I was quite surprised that it made things slower! It's nice that we're
only calling it once per script instead of once per test, but it seems
the startup overhead of the script is really high.
And since in this mode we're only feeding it one script at a time, I
tried reverting the "chainlint.pl: validate test scripts in parallel"
commit. And indeed, now things are much faster:
Benchmark 1: make
Time (mean ± σ): 61.544 s ± 3.364 s [User: 556.486 s, System: 384.001 s]
Range (min … max): 57.660 s … 63.490 s 3 runs
And you can see the same thing just running chainlint by itself:
$ time perl chainlint.pl /dev/null
real 0m0.069s
user 0m0.042s
sys 0m0.020s
$ git revert HEAD^{/validate.test.scripts.in.parallel}
$ time perl chainlint.pl /dev/null
real 0m0.014s
user 0m0.010s
sys 0m0.004s
I didn't track down the source of the slowness. Maybe it's loading extra
modules, or maybe it's opening /proc/cpuinfo, or maybe it's the thread
setup. But it's a surprising slowdown.It is surprising, and unfortunate. Ditching "ithreads" would probably be a good idea. (more on that below)
Now of course your intent is to do a single repo-wide invocation. And
that is indeed a bit faster. Here it is without the parallel code:
Benchmark 1: make
Time (mean ± σ): 61.727 s ± 2.140 s [User: 507.712 s, System: 377.753 s]
Range (min … max): 59.259 s … 63.074 s 3 runs
The wall-clock time didn't improve much, but the CPU time did. Restoring
the parallel code does improve the wall-clock time a bit, but at the
cost of some extra CPU:
Benchmark 1: make
Time (mean ± σ): 59.029 s ± 2.851 s [User: 515.690 s, System: 380.369 s]
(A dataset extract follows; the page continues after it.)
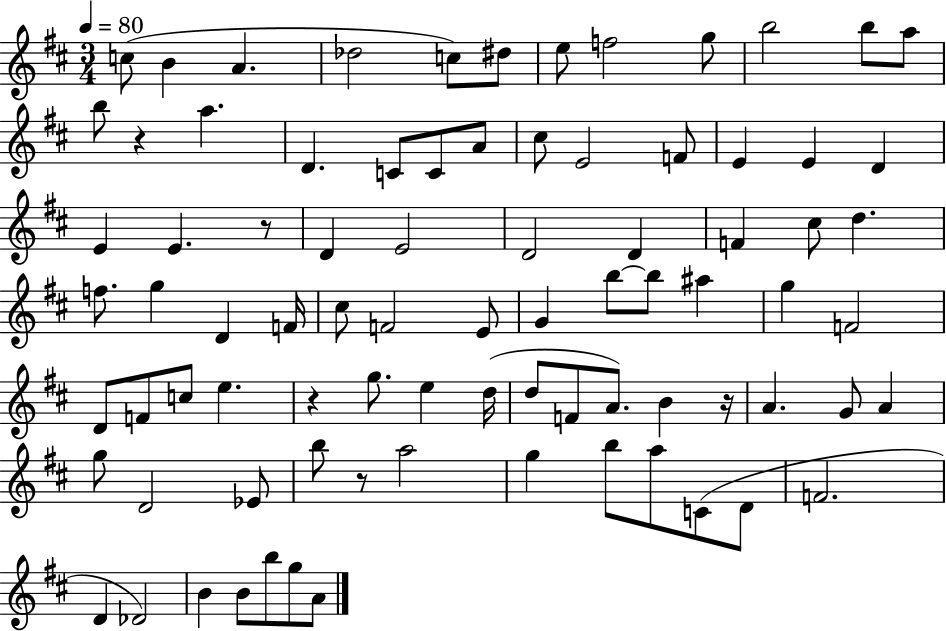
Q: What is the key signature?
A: D major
Range (min … max): 55.736 s … 60.693 s 3 runs
which makes sense. If I do a with/without of just "make test-chainlint",
the parallelism is buying a few seconds of wall-clock:
Benchmark 1: make test-chainlint
Time (mean ± σ): 900.1 ms ± 102.9 ms [User: 12049.8 ms, System: 79.7 ms]
Range (min … max): 704.2 ms … 994.4 ms 10 runs
Benchmark 1: make test-chainlint
Time (mean ± σ): 3.778 s ± 0.042 s [User: 3.756 s, System: 0.023 s]
Range (min … max): 3.706 s … 3.833 s 10 runs
I'm not sure what it all means. For Linux, I think I'd be just as happy
with a single non-parallelized test-chainlint run for each file. But
maybe on Windows the startup overhead is worse? OTOH, the whole test run
is so much worse there. One process per script is not going to be that
much in relative terms either way.Somehow Windows manages to be unbelievably slow no matter what. I mentioned elsewhere (after you sent this) that I tested on a five or six year old 8-core dual-boot machine. Booted to Linux, running a single chainlint.pl invocation using all 8 cores to check all scripts in the project took under 1 second walltime. The same machine booted to Windows using all 8 cores took just under two minutes(!) walltime for the single Perl invocation to check all scripts in the project. So, at this point, I have no hope for making linting fast on Windows; it seems to be a lost cause.
And if we did cache the results and avoid extra invocations via "make", then we'd want all the parallelism to move to there anyway. Maybe that gives you more food for thought about whether perl's "use threads" is worth having.
I'm not especially happy about the significant overhead of "ithreads"; on my (old) machine, although it does improve perceived time significantly, it eats up quite a bit of additional user-time. As such, I would not be unhappy to see "ithreads" go away, especially since fast linting on Windows seems unattainable (at least with Perl). Overall, I think Ævar's plan to parallelize linting via "make" is probably the way to go.